### What you have to do
Find "FORMACION DE PALABRAS" and "Frauen T-Shirt Lieber stehend sterben - Weiß" in the records below. Copy the lines holding them and every line between, exactly, and no others.

Brief descriptive captions
★ ★ ★ ★ ★

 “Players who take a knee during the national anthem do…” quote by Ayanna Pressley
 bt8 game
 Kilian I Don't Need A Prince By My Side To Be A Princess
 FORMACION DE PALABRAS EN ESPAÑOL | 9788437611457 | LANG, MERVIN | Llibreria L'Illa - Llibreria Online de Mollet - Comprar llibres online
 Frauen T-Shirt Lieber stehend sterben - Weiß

★ ★ ★ ★ ★

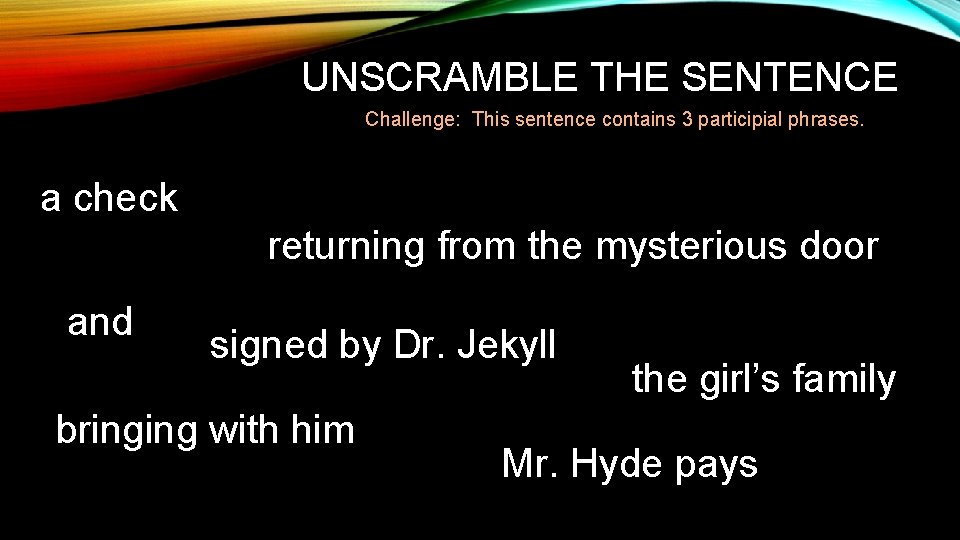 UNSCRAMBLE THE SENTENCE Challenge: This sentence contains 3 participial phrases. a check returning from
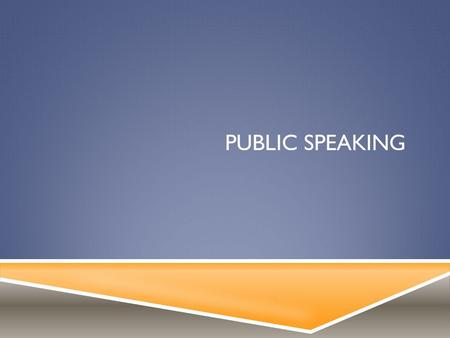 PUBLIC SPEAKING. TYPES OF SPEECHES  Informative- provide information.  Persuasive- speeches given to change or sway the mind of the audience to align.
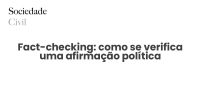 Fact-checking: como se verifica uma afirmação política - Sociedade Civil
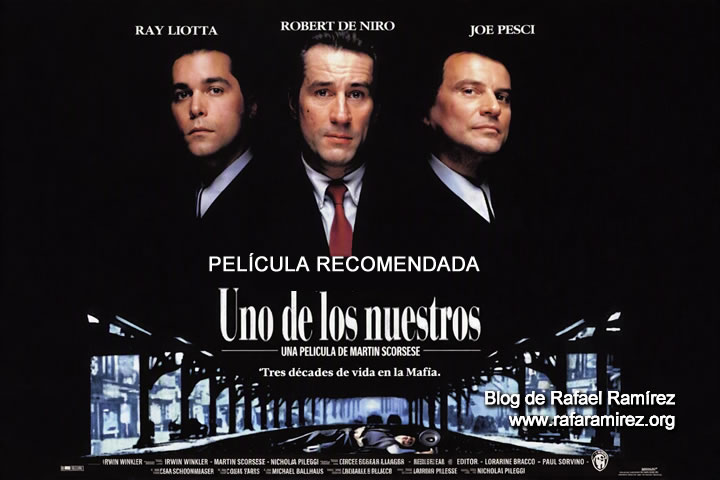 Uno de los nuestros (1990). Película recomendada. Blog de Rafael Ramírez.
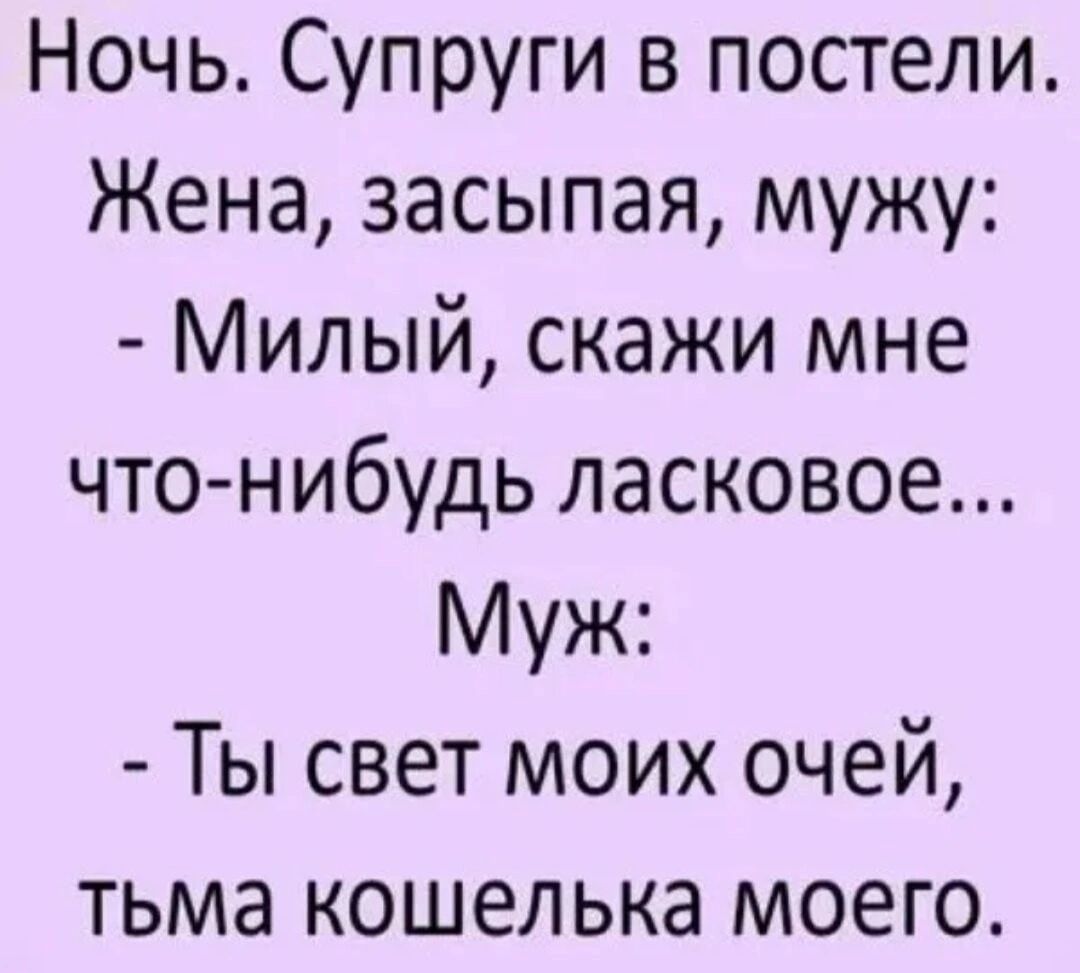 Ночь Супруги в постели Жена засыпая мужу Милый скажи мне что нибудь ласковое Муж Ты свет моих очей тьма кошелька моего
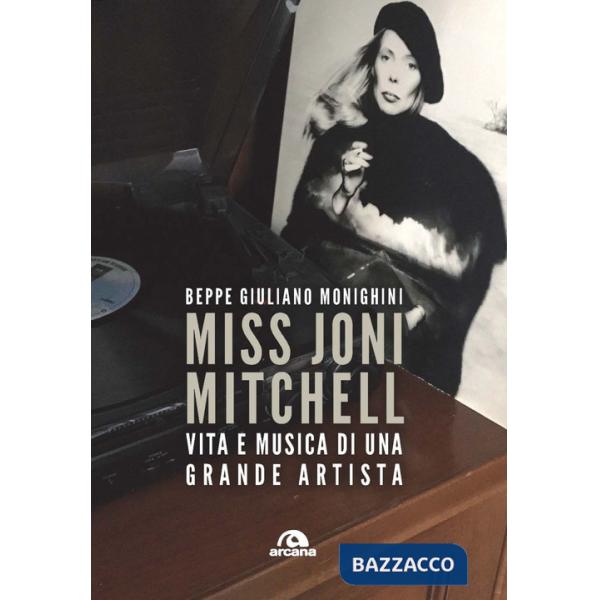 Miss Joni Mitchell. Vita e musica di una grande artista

★ ★ ★ ★ ★

### Answer to this task
 FORMACION DE PALABRAS EN ESPAÑOL | 9788437611457 | LANG, MERVIN | Llibreria L'Illa - Llibreria Online de Mollet - Comprar llibres online
 Frauen T-Shirt Lieber stehend sterben - Weiß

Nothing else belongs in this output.